Problem statement: Using the records below, give again exactly the lines from the line that contains "Homer Simpson Standing" through the line that contains "Virginia Beach Sunrise 15th Street Pier", both ends included, and only those.

Input for this task:
=======

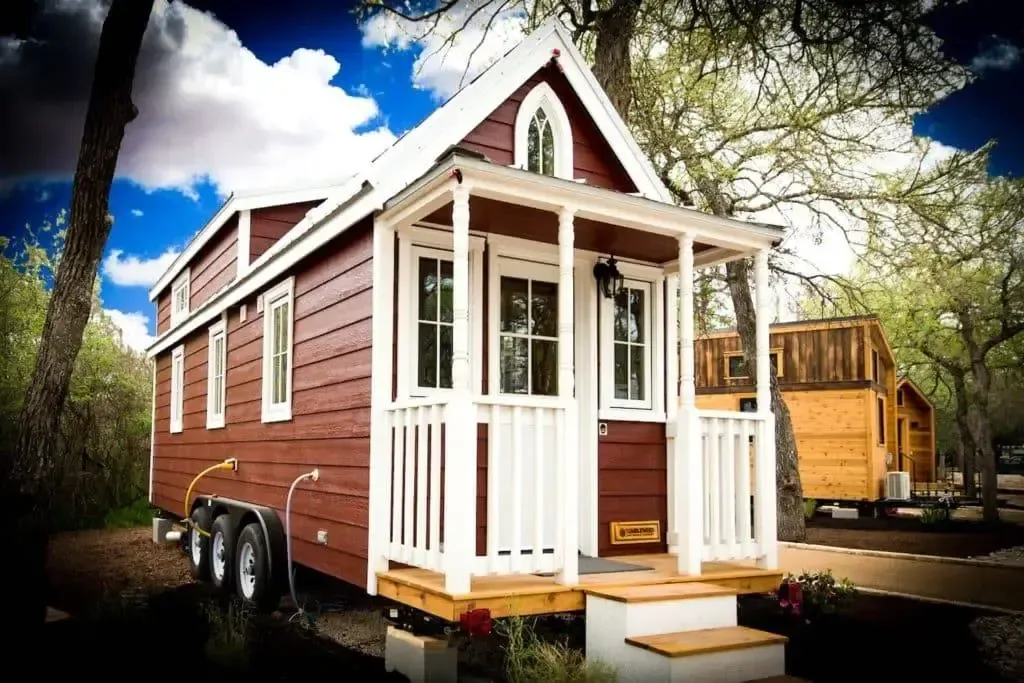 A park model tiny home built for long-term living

=======

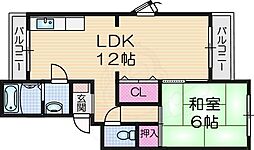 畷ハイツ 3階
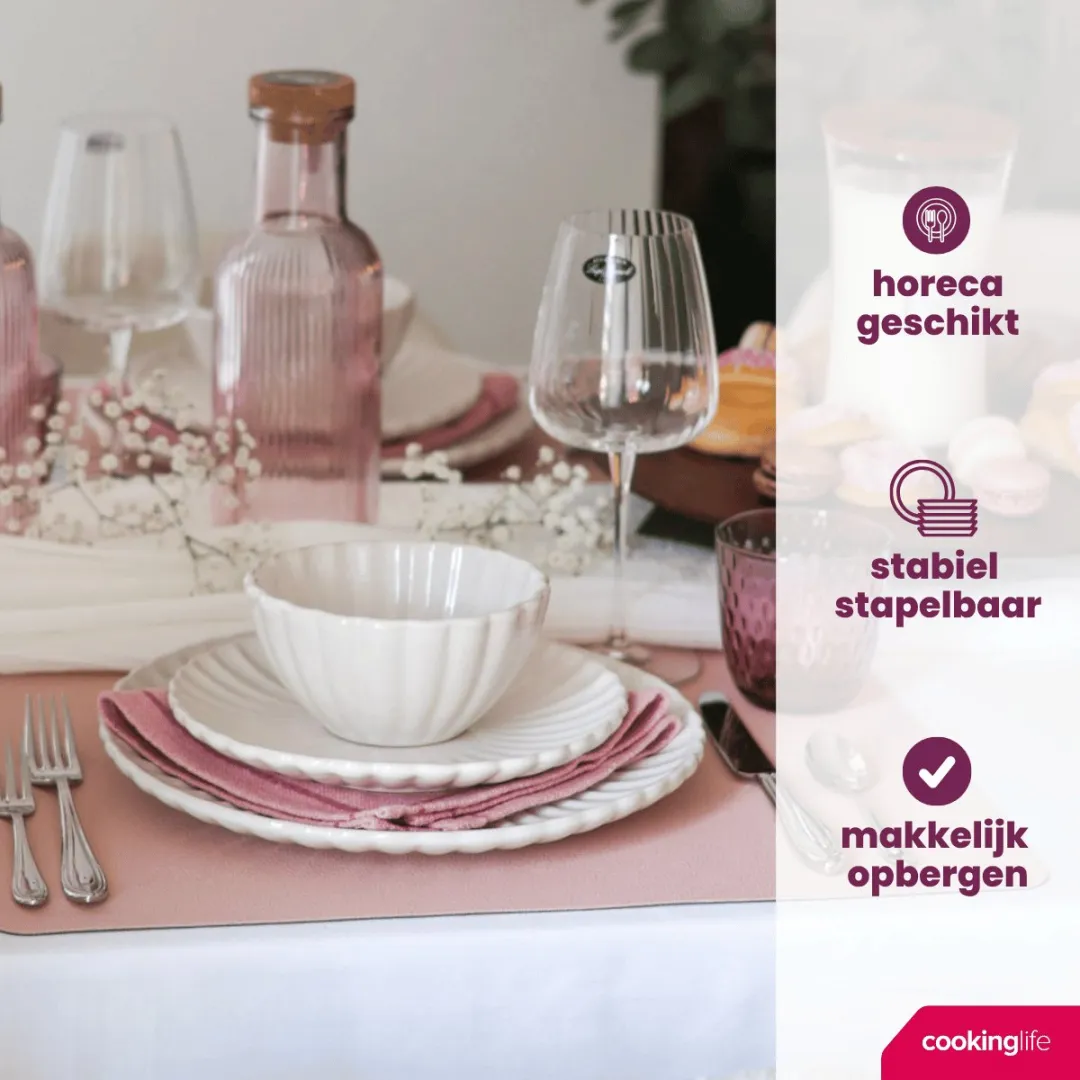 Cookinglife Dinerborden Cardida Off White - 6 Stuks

=======

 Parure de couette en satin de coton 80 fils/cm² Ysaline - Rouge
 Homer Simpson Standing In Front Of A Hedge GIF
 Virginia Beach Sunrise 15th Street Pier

=======

Reply to the exercise:
 Homer Simpson Standing In Front Of A Hedge GIF
 Virginia Beach Sunrise 15th Street Pier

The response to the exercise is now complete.